Opinion
2012-06-8
Donald R. Gerace, Utica, for Defendant–Appellant. Vincent Miller, Defendant–Appellant Pro Se.
Donald R. Gerace, Utica, for Defendant–Appellant. Vincent Miller, Defendant–Appellant Pro Se.
Scott D. McNamara, District Attorney, Utica (Steven G. Cox of Counsel), for Respondent.
PRESENT: SCUDDER, P.J., CENTRA, PERADOTTO, CARNI, AND LINDLEY, JJ.
MEMORANDUM:
Defendant appeals from a judgment convicting him upon a jury verdict of promoting prison contraband in the first degree (Penal Law § 205.25[2] ). Defendant failed to preserve for our review his challenge to the legal sufficiency of the evidence by his general motion for a trial order of dismissal at the close of the People's case ( see People v. Gray, 86 N.Y.2d 10, 19, 629 N.Y.S.2d 173, 652 N.E.2d 919). Even assuming, arguendo, that he made a specific objection at that time, we note that he failed to renew his motion after presenting evidence and thus failed to preserve his challenge for that reason as well ( see People v. Hines, 97 N.Y.2d 56, 61, 736 N.Y.S.2d 643, 762 N.E.2d 329,rearg. denied97 N.Y.2d 678, 738 N.Y.S.2d 292, 764 N.E.2d 396). In any event, the evidence is legally sufficient to support the conviction inasmuch as the People established that defendant, who was incarcerated, knowingly possessed “dangerous contraband” in violation of Penal Law § 205.25(2).

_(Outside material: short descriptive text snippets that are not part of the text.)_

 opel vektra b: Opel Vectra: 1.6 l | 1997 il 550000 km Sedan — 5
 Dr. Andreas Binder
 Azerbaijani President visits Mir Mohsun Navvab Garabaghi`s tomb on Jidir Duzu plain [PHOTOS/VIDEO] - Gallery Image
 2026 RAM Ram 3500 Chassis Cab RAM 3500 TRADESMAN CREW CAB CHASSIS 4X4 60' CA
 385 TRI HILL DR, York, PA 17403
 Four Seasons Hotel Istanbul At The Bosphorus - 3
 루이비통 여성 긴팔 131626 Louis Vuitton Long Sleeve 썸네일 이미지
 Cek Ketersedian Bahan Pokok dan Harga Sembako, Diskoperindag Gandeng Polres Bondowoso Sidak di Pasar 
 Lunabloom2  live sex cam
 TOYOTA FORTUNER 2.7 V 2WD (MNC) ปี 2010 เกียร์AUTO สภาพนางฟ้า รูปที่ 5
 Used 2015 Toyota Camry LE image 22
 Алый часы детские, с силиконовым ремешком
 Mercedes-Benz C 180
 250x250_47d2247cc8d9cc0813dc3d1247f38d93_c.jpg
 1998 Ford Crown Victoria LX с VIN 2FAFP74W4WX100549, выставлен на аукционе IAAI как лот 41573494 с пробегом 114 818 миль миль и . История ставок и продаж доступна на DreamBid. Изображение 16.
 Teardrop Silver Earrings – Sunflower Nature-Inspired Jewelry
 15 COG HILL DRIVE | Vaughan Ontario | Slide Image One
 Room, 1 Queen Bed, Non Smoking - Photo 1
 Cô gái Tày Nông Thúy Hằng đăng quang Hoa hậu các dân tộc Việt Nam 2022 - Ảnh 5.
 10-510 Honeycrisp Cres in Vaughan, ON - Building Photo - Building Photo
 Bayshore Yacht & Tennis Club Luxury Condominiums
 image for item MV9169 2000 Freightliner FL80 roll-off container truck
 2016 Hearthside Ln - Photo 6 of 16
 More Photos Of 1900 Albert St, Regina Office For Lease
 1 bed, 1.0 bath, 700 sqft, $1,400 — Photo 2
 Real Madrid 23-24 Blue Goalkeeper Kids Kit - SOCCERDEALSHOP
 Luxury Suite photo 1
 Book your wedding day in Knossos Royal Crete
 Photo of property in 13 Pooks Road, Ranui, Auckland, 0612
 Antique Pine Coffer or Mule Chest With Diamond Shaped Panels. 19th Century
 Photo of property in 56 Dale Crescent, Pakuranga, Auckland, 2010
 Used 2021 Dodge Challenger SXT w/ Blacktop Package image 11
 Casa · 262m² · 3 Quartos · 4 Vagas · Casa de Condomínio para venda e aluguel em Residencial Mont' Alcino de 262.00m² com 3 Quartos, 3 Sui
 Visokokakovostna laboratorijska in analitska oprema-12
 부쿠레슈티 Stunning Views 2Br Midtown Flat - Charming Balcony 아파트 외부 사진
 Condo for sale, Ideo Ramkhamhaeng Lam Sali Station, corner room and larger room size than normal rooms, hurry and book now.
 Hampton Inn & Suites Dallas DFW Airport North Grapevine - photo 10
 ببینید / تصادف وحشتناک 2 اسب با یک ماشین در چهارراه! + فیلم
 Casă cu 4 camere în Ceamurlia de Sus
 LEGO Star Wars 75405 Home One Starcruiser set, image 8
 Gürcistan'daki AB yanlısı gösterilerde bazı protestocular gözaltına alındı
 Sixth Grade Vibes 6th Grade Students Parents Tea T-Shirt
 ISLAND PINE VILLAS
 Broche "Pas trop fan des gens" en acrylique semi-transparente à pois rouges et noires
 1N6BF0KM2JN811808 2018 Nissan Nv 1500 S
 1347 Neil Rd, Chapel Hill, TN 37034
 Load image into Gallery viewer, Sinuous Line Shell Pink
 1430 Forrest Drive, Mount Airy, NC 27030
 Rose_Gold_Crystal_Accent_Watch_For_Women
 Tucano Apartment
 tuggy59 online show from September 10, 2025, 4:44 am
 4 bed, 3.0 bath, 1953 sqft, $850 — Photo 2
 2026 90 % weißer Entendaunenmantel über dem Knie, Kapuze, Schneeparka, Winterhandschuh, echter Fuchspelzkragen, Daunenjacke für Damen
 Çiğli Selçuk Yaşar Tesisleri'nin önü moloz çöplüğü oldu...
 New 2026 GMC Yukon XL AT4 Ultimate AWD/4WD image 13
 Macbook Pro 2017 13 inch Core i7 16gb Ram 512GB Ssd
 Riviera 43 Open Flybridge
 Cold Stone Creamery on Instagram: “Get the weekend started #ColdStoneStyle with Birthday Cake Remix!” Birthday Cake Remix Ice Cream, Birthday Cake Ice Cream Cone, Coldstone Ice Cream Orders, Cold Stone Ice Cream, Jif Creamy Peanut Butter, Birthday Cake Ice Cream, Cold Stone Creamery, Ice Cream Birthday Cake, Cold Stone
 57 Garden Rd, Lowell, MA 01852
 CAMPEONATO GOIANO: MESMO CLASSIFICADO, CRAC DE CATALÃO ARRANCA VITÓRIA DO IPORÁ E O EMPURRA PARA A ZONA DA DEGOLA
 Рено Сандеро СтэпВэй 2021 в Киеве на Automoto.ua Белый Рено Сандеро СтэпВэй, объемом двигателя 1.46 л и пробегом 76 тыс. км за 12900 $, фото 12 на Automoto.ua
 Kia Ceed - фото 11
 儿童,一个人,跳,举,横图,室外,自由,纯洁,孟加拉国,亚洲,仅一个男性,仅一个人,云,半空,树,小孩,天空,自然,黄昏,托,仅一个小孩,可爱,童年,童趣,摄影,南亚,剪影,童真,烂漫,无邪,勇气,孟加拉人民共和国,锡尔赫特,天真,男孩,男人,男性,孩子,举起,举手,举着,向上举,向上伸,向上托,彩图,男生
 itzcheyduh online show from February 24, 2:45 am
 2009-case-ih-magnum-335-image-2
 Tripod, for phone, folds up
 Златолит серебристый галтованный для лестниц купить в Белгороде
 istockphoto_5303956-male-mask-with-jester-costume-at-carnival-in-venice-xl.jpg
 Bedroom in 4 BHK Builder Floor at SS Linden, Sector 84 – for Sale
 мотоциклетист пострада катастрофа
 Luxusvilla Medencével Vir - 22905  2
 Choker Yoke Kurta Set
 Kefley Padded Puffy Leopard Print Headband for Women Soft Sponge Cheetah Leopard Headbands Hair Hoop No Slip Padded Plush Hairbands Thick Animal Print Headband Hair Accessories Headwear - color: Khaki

Defendant likewise failed to preserve for our review his challenge to the testimony of a correction officer, inasmuch as he failed to raise a specific objection to that testimony at trial ( seeCPL 470.05[2]; People v. Huebert, 30 A.D.3d 1018, 1018, 815 N.Y.S.2d 851,lv. denied7 N.Y.3d 813, 822 N.Y.S.2d 488, 855 N.E.2d 804). We nevertheless conclude that County Court did not err in admitting that testimony inasmuch as the correction officer testified based upon personal knowledge and did not offer any opinion concerning ultimate factual issues that were “more properly within the province of the jury” ( People v. Rivera, 212 A.D.2d 1040, 1041, 623 N.Y.S.2d 445,lv. denied85 N.Y.2d 979, 629 N.Y.S.2d 739, 653 N.E.2d 635;see generally People v. Truscio, 251 A.D.2d 966, 967, 674 N.Y.S.2d 558,lv. denied92 N.Y.2d 986, 683 N.Y.S.2d 767, 706 N.E.2d 755). There also is no merit to defendant's contention that the court erred in precluding evidence of defendant's prior prison disciplinary hearing inasmuch as such evidence was irrelevant and may merely have confused the jurors ( see People v. Venditto, 171 A.D.2d 952, 953–954, 567 N.Y.S.2d 897,lv. denied78 N.Y.2d 1130, 578 N.Y.S.2d 888, 586 N.E.2d 71). The sentence is not unduly harsh or severe.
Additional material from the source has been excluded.